A song of winter

March 4, 1982

The weather has been getting progressively more beastly. It has been necessary for me to move from coats which can be put on with a single heave to ones requiring heaves, wriggles, pushes and wrenches. Long before this, I have given up resignation for cheerful bravery without which we dwellers in cold climates would never emerge smiling. There is hardly need to describe the above progression as it relates to headgear or footwear. You can visualize me, mummified in coats, hats, mufflers and gloves, sloshing, sliding or mounting upon whatever the city snow has settled into. When - of all things - I hear birdsong!

You may have too. At least, some of my friends confirm they have. It has happened throughout the years so regularly I now expect it, at the grayest, sloshiest moment, usually in late January. The magic of it would be lost if it came after the seasonal turn toward warmth. I hear it when most of the bitter cold lies before me, a grueling test of my endurance. No letup promised. Just more and more of the same.

That birdsong! Maybe, from a professional point of view, one should call it birdtalk, since birds are not supposed to sing except when they mate in spring. But what I hear is definitely a sweet bird sound, however brief, however fragile , and it's loaded with promise. My heart, no matter how tweed-laden or wool-wrapped, leaps at the sound and listens for more. There's a momentary lifting of the winter gloom, a diminishing of the bite in the wind.

Spring is just around the corner? No! That's not what it says at all. Spring is here, right now! Not the whole loveliness of it, but the essence, certainly. And who's to say that June in January isn't sweeter than June itself, particularly if one glimpses that, with a bit of skill, one can always provide for oneself a bit of June in January, and this without the help of a titmouse, sparrow or chickadee.

Now, I could easily launch into a sermon on persistence, courage and the like , but if I got you into that mood, I doubt you'd be able to hear the birdsong or even believe in it. For, you see, you'd miss the surprise and the joy of it, and there'd be no song at all. Probably just a peep is all you'd hear; something pitiful instead of heart-lifting.
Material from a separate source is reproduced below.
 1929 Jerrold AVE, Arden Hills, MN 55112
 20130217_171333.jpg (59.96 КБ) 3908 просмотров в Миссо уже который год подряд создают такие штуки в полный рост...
It could be that hearing birdsong in January is becoming a lost art. There seems to be a growing conviction that anything really demanding is unfair - at least totally unrelated to joy. Everybody seems to be fighting for top billing as a victim. Newscasters are producing sob stories by the gross. Someone faces a tough situation and the news busies itself prognosticating life-paralyzing traumas.

Sorry, boys, you've got to contend with birdsong in January, and don't fuss. Once more of us hear it, dismal prognostication may go out of style.

But even more than birdsong to cheer are the indominatable pigeons in January. They don't sing, but they cope with the ice and the falling snow, and they have tickled my heart more than once. Keep looking at them and you'll see something remarkably undefeated. Now and again you'll also see one that sports the most beautiful shades of mauve or soft gray. You'll see their invariable plumpness, their insouciance at having only part of a foot and almost invisible fare. As for derring-do, you can't beat them. If I had a message to send to Garcia, I'd entrust it to a Boston pigeon, believe me!

I was stalled in traffic the other day right next to a luscious crust of bread, a bit of pigeon-heaven. Three of them were busy pecking at it right in the flow of traffic. I say pecking at it. I don't mean any regular sort of pecking, the sort possible in any old chicken yard. They were competing not only with themselves but with traffic of the Boston variety! And with such aplomb. The cool skill with which they would take a peck or two and then yield to some uncomprehending driver was a delight to behold.

Think of how delicious each crumb must have tasted given the hazards of retrieving it. You and I sit safely at our dinner tables stodgily stuffing in one huge bite after another. How placid, almost gluttonous. How piquant, how appetite-stimulating, to do it pigeon-style. It would be just like some TV team to do a sob story on pigeon life and miss the whole noble adventure of it.

To reverse this sniffling trend in newsmaking would not involve ''gunning'' for the trade, of course. It's more likely that, like the pigeons, we'd continue to go quietly about our business. The truth - that there can be joy right in the midst of difficulty and sadness - isn't something you can sell or prove to anybody else. It's a private discovery. And, of course, you have to have really endured something to make the discovery. Now, we don't, at least I don't, go out looking for difficulties or sadness. But, life being what it is, these sorts of experiences do seem to come our way. So, shall we assume the tragic pose, get all ready to be traumatized, canceled out? Well, that's all right for you. But me? I prefer to be out listening for birdsong in January or admiring intrepid pigeons in March.